## WORK INSTRUCTION
Exact transcription, pictures omitted: reproduce the listing below.

## DATA SECTION
--- --- ---

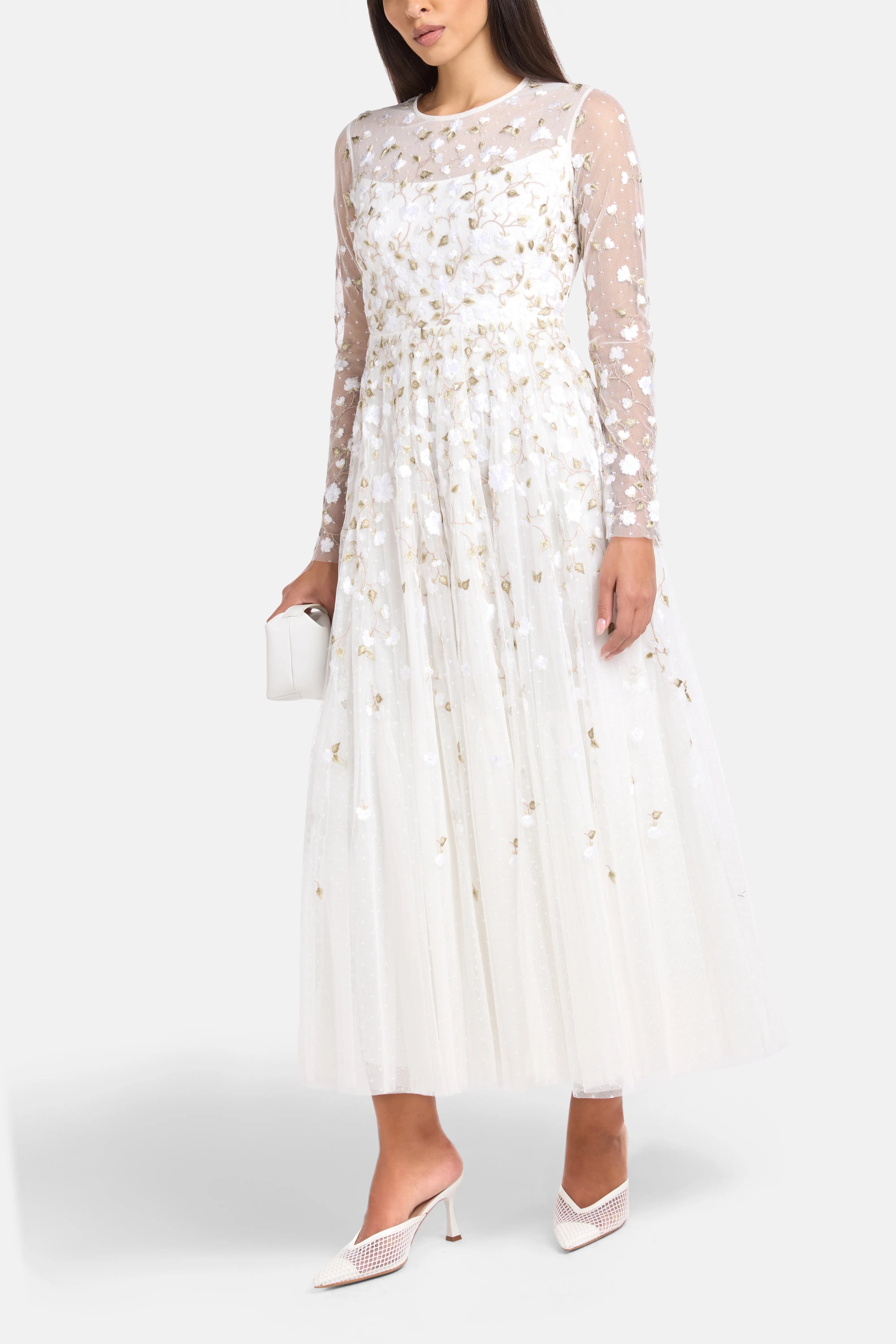 Trailing Roses Floral Evening Dress in White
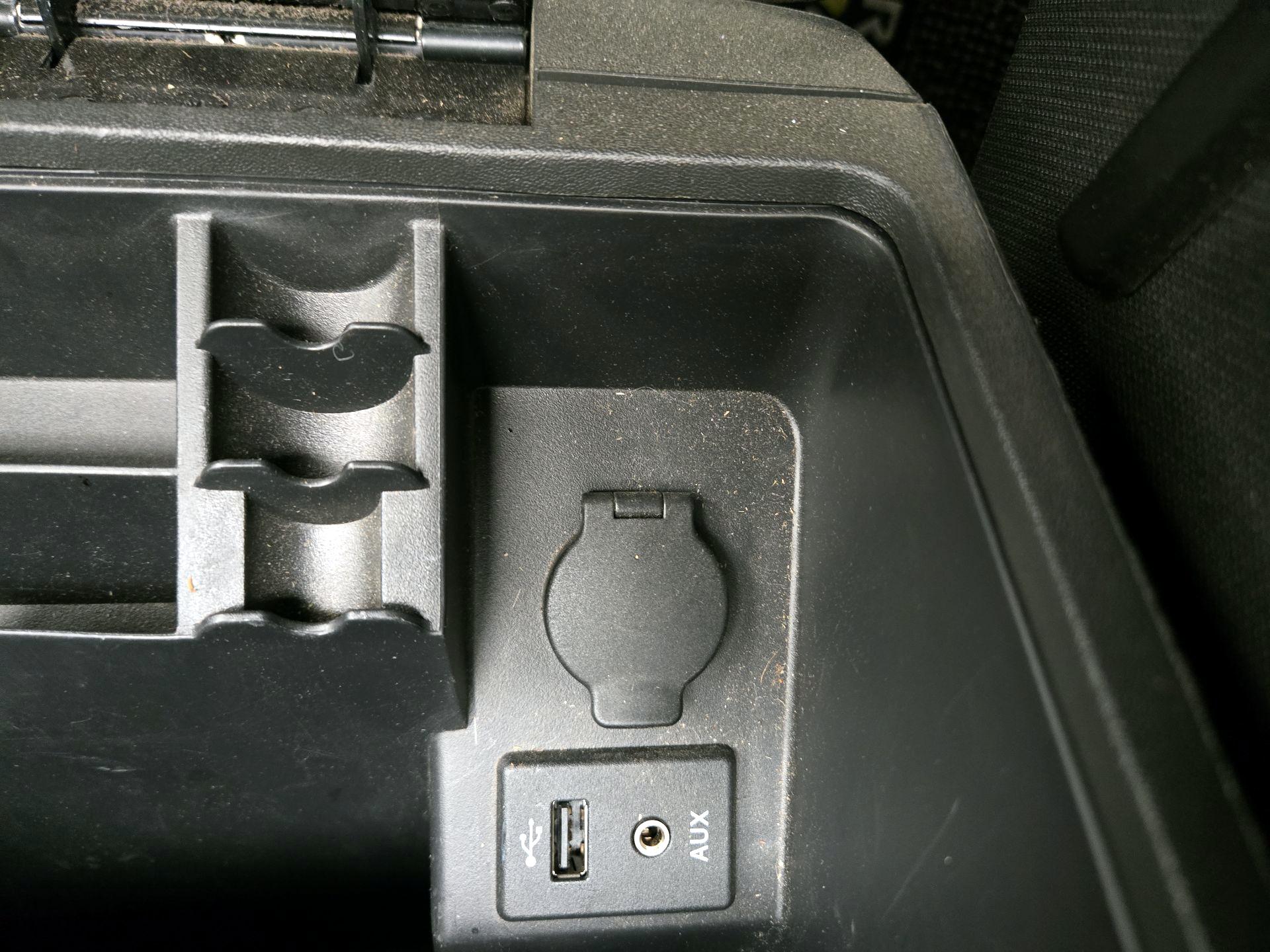 Thumbnail: 2016 Nissan Frontier - 17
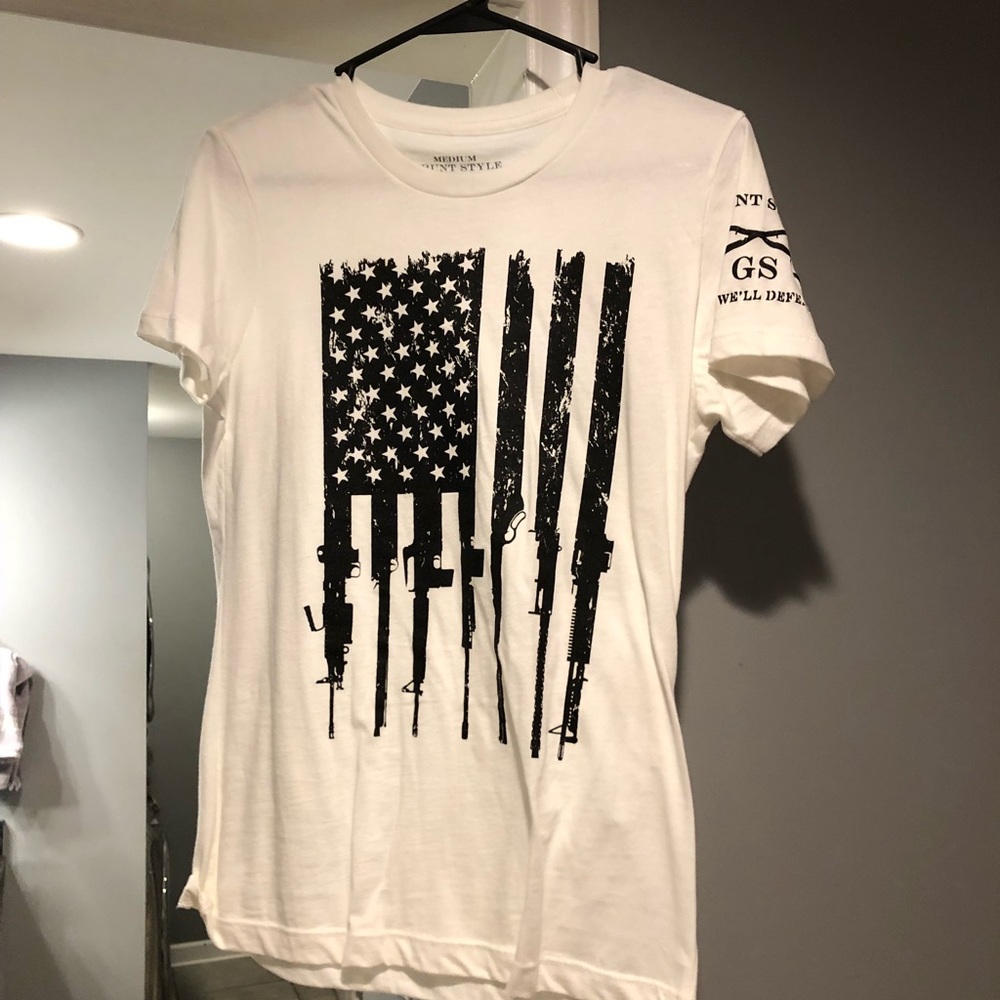 Grunt style American flag rifle tee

--- --- ---

## EXERCISE OUTPUT
 Trailing Roses Floral Evening Dress in White
 Thumbnail: 2016 Nissan Frontier - 17
 Grunt style American flag rifle tee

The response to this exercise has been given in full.